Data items
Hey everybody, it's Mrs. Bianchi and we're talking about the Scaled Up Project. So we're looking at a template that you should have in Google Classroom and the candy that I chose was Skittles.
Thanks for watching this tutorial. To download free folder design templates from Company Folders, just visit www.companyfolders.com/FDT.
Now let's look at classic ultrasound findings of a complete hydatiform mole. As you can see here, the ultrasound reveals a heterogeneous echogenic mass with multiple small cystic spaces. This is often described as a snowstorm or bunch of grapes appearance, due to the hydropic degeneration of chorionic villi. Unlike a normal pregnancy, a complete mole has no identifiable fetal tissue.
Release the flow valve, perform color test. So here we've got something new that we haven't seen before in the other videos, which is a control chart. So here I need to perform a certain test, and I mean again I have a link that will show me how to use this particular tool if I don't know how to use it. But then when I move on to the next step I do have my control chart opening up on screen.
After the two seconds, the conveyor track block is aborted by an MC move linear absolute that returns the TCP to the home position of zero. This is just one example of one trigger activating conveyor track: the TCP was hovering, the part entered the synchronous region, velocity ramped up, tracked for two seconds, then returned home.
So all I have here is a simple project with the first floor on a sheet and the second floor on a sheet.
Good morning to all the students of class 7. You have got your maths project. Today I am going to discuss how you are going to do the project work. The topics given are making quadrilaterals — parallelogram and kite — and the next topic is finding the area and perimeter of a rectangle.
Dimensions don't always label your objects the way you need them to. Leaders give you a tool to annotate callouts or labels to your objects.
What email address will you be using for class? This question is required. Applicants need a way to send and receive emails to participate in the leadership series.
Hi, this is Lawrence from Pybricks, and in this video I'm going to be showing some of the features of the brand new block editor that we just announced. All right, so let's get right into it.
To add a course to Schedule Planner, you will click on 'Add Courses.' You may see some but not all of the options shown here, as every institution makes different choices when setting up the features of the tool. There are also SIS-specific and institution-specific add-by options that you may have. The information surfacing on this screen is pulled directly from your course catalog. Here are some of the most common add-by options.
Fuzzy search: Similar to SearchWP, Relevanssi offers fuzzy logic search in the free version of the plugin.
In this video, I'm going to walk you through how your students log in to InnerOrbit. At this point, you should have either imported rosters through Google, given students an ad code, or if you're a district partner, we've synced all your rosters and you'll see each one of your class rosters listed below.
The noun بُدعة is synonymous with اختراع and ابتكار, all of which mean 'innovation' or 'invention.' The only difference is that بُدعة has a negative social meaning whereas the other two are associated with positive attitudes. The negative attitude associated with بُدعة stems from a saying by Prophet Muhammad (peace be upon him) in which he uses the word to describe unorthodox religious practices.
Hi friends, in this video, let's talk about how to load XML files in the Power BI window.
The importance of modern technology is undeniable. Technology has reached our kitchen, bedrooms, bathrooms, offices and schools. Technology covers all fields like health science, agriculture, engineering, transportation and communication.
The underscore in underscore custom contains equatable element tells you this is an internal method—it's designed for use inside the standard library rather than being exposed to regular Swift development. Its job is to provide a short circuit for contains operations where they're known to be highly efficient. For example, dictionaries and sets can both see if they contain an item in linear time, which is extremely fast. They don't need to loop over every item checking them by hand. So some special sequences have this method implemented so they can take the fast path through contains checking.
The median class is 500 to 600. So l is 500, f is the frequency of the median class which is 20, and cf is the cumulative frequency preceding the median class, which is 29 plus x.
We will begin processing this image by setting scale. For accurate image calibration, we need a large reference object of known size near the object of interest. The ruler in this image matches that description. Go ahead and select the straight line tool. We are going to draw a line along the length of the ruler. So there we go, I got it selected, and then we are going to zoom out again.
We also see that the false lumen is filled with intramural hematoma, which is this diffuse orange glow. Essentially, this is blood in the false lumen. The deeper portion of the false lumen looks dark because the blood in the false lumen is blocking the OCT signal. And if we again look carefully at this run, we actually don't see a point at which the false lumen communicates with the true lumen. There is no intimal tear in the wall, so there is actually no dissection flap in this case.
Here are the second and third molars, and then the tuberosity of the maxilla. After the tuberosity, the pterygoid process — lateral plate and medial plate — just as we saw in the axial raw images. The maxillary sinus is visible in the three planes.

§ **PROBLEM STATEMENT**: Please return every line from the first one in the records above down to the line containing "Now let's look", including both, exactly as written and nothing more.

§ **ANSWER BELOW**:
Hey everybody, it's Mrs. Bianchi and we're talking about the Scaled Up Project. So we're looking at a template that you should have in Google Classroom and the candy that I chose was Skittles.
Thanks for watching this tutorial. To download free folder design templates from Company Folders, just visit www.companyfolders.com/FDT.
Now let's look at classic ultrasound findings of a complete hydatiform mole. As you can see here, the ultrasound reveals a heterogeneous echogenic mass with multiple small cystic spaces. This is often described as a snowstorm or bunch of grapes appearance, due to the hydropic degeneration of chorionic villi. Unlike a normal pregnancy, a complete mole has no identifiable fetal tissue.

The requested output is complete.